I'm have problems trying to show this, any help would be appreciated.
Show $i: N \subset M$ is a direct summand iff $\exists$ a module map $r: M \to N$ s.t $ri = 1_{N}$, and that any complement of $N$ is isomorphic to $M/N$
I'm using it as a build up to prove Maschke's Theorem.
Thanks
On
Let $A$ be a commutative ring with identity and $$ 0 \rightarrow N \xrightarrow{\alpha} M \xrightarrow{\beta} P \rightarrow 0 $$ be an exact sequence of $A$-modules and homomorphisms. Then the followings are equivalent:
(i) There is an isomorphism of sequences with the sequence $$ 0 \rightarrow N \xrightarrow{i} N\oplus P \xrightarrow{\pi} P \rightarrow 0 $$ where the maps $i$ and $\pi$ are the natural injection and projection respectively.

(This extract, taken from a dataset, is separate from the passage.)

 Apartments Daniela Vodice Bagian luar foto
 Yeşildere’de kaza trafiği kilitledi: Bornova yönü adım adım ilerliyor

(ii) There is a $A$-morphism $P \xrightarrow{f} M$ such that $\beta f = 1_P.$
(iii) There is a $A$-morphism $M \xrightarrow{g} N$ such that $g\alpha = 1_N.$
(i)$\Rightarrow$(ii) and (i)$\Rightarrow$(iii) are obvious.
(ii)$\Rightarrow$(i): $M =$ Im$f$ + Ker$\beta$, because any $m \in M$ can be written as $m = m - f\beta(m) + f\beta(m)$ and $m - f\beta(m) \in$ Ker$\beta$. Also $m \in$ Im$f \cap$ ker$\beta \Rightarrow f(n) = m, \beta(m) = 0$ for some $n \in P$ $ \Rightarrow n = \beta f(n) = \beta(m) = 0 \Rightarrow m = f(n) = 0.$
(iii)$\Rightarrow$(i): $M =$ Im$\alpha$ + ker$g$ because any $m \in M$ can be written as $m = m - \alpha g(m) + \alpha g(m)$ and $m - \alpha g(m) \in$ Ker$g$. Also $m \in$ Im$\alpha \cap$ ker$g \Rightarrow \alpha(n) = m, g(m) = 0$ for some $n \in N$ $ \Rightarrow n = g \alpha(n) = g(m) = 0 \Rightarrow m = \alpha(n) = 0.$
One direction is trivial: if $M=N\oplus N'$, then by definition any element $m\in M$ can be written in one and only one way as $m=x+y$, with $x\in N$ and $y\in N'$; verifying that $r\colon m\mapsto x$ is the homomorphism you need is very easy.
Conversely, let $N'=\ker r$. Try to prove that
$M=N+N'$; hint: write $m=r(m)+(m-r(m))$.
$N\cap N'=\{0\}$.
If $M=N\oplus N'$, then the homomorphism theorem says $$ M/N=(N+N')/N\cong N/(N\cap N') $$ and…